Cannabisgesetz (GesEntwurf BReg)
Gesetzentwurf der Bundesregierung Entwurf eines Gesetzes zum kontrollierten Umgang mit Cannabis und zur Änderung weiterer Vorschriften (Cannabisgesetz - CanG) (Drucksachen 20/8704, 20/8763 und 20/10426)
Gesetzentwurf der Bundesregierung Entwurf eines Gesetzes zum kontrollierten Umgang mit Cannabis und zur Änderung weiterer Vorschriften (Cannabisgesetz - CanG) (Drucksachen 20/8704, 20/8763 und 20/10426)
Nach langer politischer Auseinandersetzung hat der Bundestag am Freitag, 23. Februar 2024, den Gesetzentwurf der Bundesregierung „zum kontrollierten Umgang mit Cannabis“ (20/8704, 20/8763) gebilligt. Mit dem Gesetz soll Erwachsenen künftig der Besitz von bis zu 50 Gramm Cannabis für den Eigenkonsum im privaten Raum erlaubt werden. Im öffentlichen Raum soll die Höchstgrenze bei 25 Gramm liegen. In namentlicher Abstimmung votierten 404 Abgeordnete für das Gesetz, 226 stimmten dagegen und vier enthielten sich ihrer Stimme.
Zur Abstimmung hatten der Gesundheitsausschuss eine Beschlussempfehlung (20/10426) und der Haushaltsausschuss einen Bericht nach Paragraf 96 der Geschäftsordnung (20/10427) vorgelegt. Der Gesundheitsausschuss hatte in einer teils turbulenten und emotionalen Sitzung am Mittwoch, 21. Februar, noch einige Änderungen am Ursprungsentwurf beschlossen.
Anträge der CDU/CSU (20/8735) und der AfD (20/8869), die beide den Stopp der geplanten Legalisierung forderten, fanden beide keine Mehrheit. Gegen den Antrag der AfD stimmten alle übrigen Fraktionen des Hauses, für den Antrag der Union stimmte auch die AfD. Auch zu diesen Vorlagen hatte der Gesundheitsausschuss Beschlussempfehlungen abgegeben (20/10426).
Das Gesetz sieht den legalen Besitz und Konsum von Cannabis für Erwachsene vor. Ermöglicht wird nun der private Eigenanbau, der gemeinschaftliche nichtgewerbliche Eigenanbau und die kontrollierte Weitergabe von Cannabis durch Anbauvereinigungen. Mit dem Gesetz werde ein verantwortungsvoller Umgang mit Cannabis erleichtert, heißt es in der Begründung der Bundesregierung.

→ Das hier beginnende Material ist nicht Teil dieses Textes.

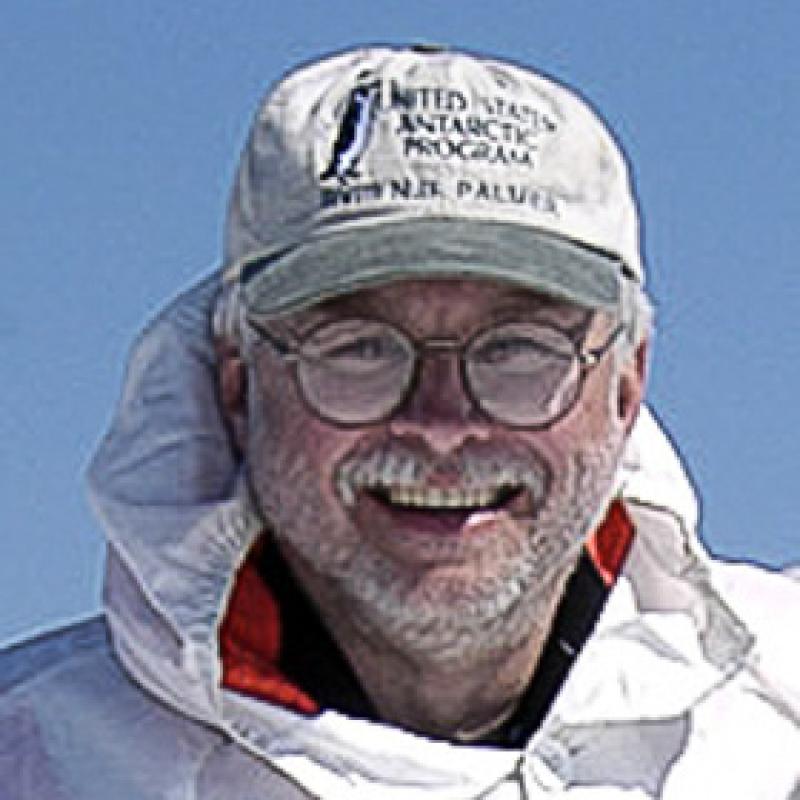 Portrait of man with glasses, white hat and white jacket with blue sky in the background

Das Gesetz zielt den Angaben zufolge darauf ab, zu einem verbesserten Gesundheitsschutz beizutragen, Aufklärung und Prävention zu stärken, den illegalen Markt für Cannabis einzudämmen sowie den Kinder- und Jugendschutz zu verbessern. Die aktuelle Entwicklung zeige, dass der Konsum von Cannabis trotz der bestehenden Verbotsregelungen weiter ansteige. Das vom Schwarzmarkt bezogene Cannabis sei oft mit einem erhöhten Gesundheitsrisiko verbunden, da der Gehalt des Wirkstoffs Tetrahydrocannabinol (THC) unbekannt sei und giftige Beimengungen, Verunreinigungen sowie synthetische Cannabinoide enthalten sein könnten.
Künftig möglich sein soll zudem der private Eigenanbau von bis zu drei Cannabispflanzen zum Eigenkonsum. Privat angebautes Cannabis muss jedoch vor dem Zugriff durch Kinder und Jugendliche geschützt werden. Außerdem dürfen nichtgewerbliche Anbauvereinigungen Cannabis künftig anbauen und an ihre Mitglieder zum Eigenkonsum weitergeben.
Dafür gelten strenge Vorschriften. So werden für die Anbauvereinigungen maximal 500 Mitglieder zugelassen, die ihren Wohnsitz oder gewöhnlichen Aufenthalt in Deutschland haben müssen. Zulässig ist nur die Mitgliedschaft in einer Anbauvereinigung. In den Anbauvereinigungen darf Cannabis nur in begrenztem Umfang an Mitglieder weitergegeben werden, wobei die Mitgliedschaft und das Alter zu überprüfen sind.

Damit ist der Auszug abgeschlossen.